With their audience research nailed, the creative team recruited chefs to produce traditional recipes that could be made with Bizim Mutfak products. From there, YW Istanbul created a media plan tailored to each persona group.
Posts were prepared in the preferred format of each target audience, matched with their interests, and published on Instagram and Facebook during specific days and times that had the highest interaction potential.
Unique Instagram profile views grew from 955 to 19K, increasing monthly post interactions from 324 to 25K (+7,616%), while users of Bizim Mutfak Instagram account rose from 152K to 1M.
Netflix is famous for its viewing recommendations, using an algorithm that’s consistently being developed and improved. But the personalization doesn’t stop there.
A recent example is Netflix’s campaign to promote series 6 of the massively popular science fiction series Black Mirror. The opening episode – Joan Is Awful – follows a woman named Joan who discovers her life has been adapted as a TV series on the fictional streaming platform Streamberry.
Fans were invited to make their own poster on the You Are Awful website, and asked to give their consent to the use of their photo for marketing, with the warning also seen to hint it may even be used on a billboard.
Looking to make their ‘tariff refresh’ ad more relevant and engaging for mobile audiences, O2’s team of marketers used data based on device and location to introduce personalization into their customer messaging.
Using this data, they could offer personalized and niche marketing ads that showed what the best offer for that individual was, what similar users upgrade to, and where their nearest store was located.
The personalized ads performed 128% better in terms of click-through rate.
7 . Coca-Cola
The famous ‘Share a Coke’ campaign, first launched in Australia in 2012, still retains its title as one of the most original examples of personalized marketing to date.
The idea was to spread advocacy and love for the brand by replacing the soft drinks logo with consumer names, encouraging people to share with friends and spread the brand’s message using the hashtag #shareacoke.
In the wake of the original campaign, Coca Cola Co. saw a rise in sales for the first time in over a decade.
A spokesperson from Coca-Cola said: “This campaign taught us that personalization can only be highly engaging and effective if it can be shared with a wide audience.”
To mark its 20th anniversary, the brand’s marketers launched a data-driven campaign that brought each customer’s travel history with the airline to life.

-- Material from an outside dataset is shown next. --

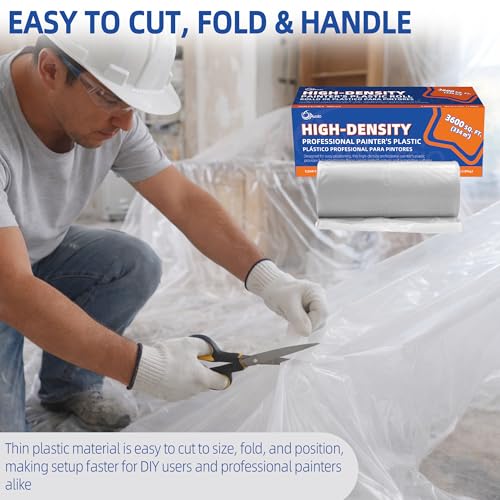 Image of High-Density Plastic Sheeting Roll 9 ft x 400 ft, 0.35 Mil Clear Painter's Plastic Drop Cloth for Paint Overspray, Dust & Renovation Protection - Floor, Furniture & Window Cover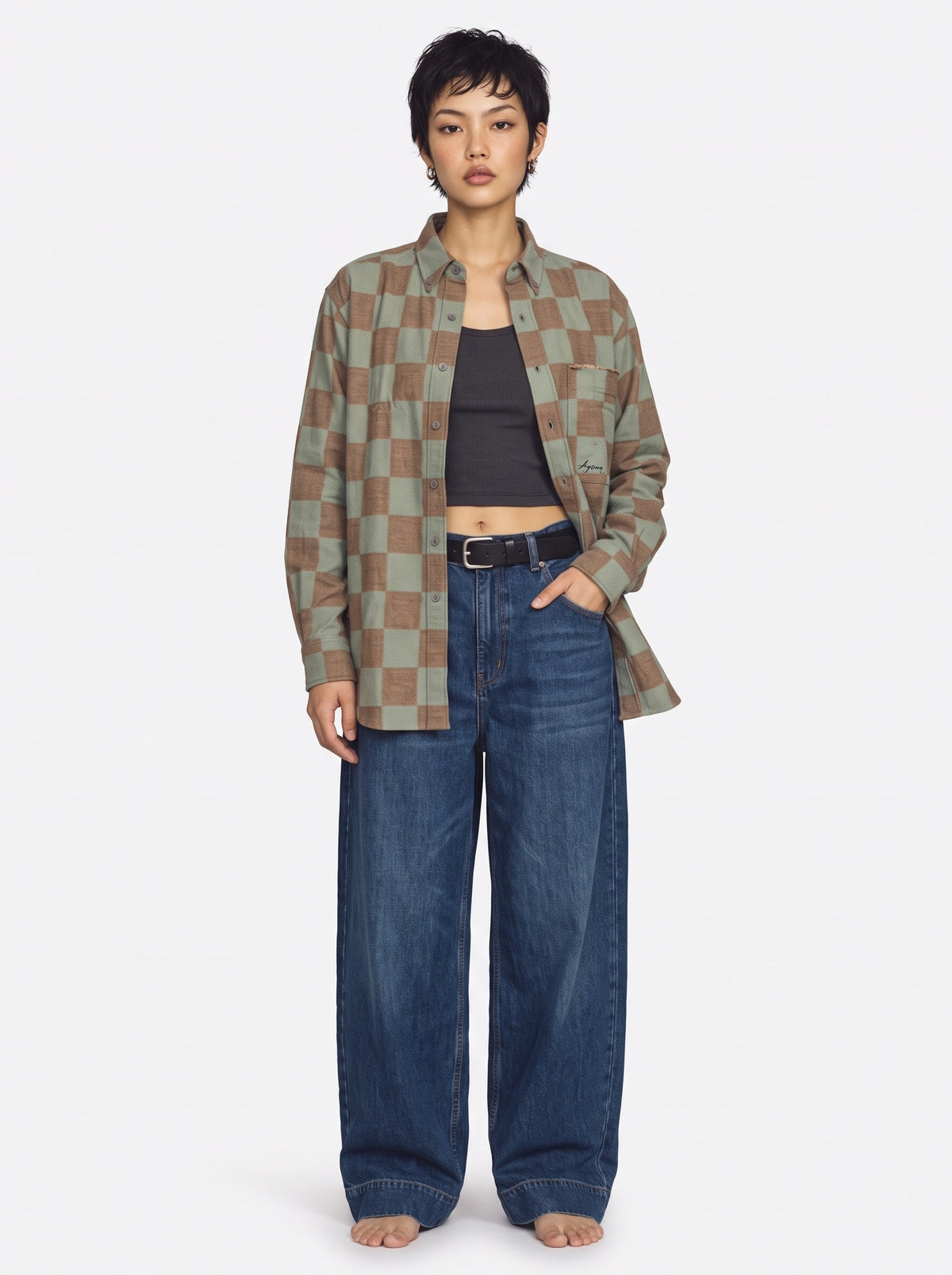 Checkered Cotton Long Sleeve Shirt – Green Brown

Its email campaign used customer data to build individual stories, such as when and where they first traveled with easyJet, and where they might like to go next.
The emails used 12 modules combining graphic devices, destination imagery, and copy based on 28 key personalization data points.
A total of 12,473,608 unique emails were sent, 7.5% of recipients made a booking in the following 30 days, and 78% had positive sentiments about the campaign, most using the word ‘love’ to describe it.
Key considerations when creating personalized campaigns:
- Know who you’re targeting by interrogating your customer data – from basic demographics to online behaviors, attitudes, interests, and perceptions.
- Build real-life, data-driven personas of your target groups, and personalize your communications for each of them.
- Use dynamic content to personalize the customer experience based on interests and browsing behaviors.
- Find out which social platforms your audience prefers, when they’re likely to be online, and what sort of content they like to engage with.
- Take device ownership and usage into consideration so your marketers know what, how, and where personalization will really score.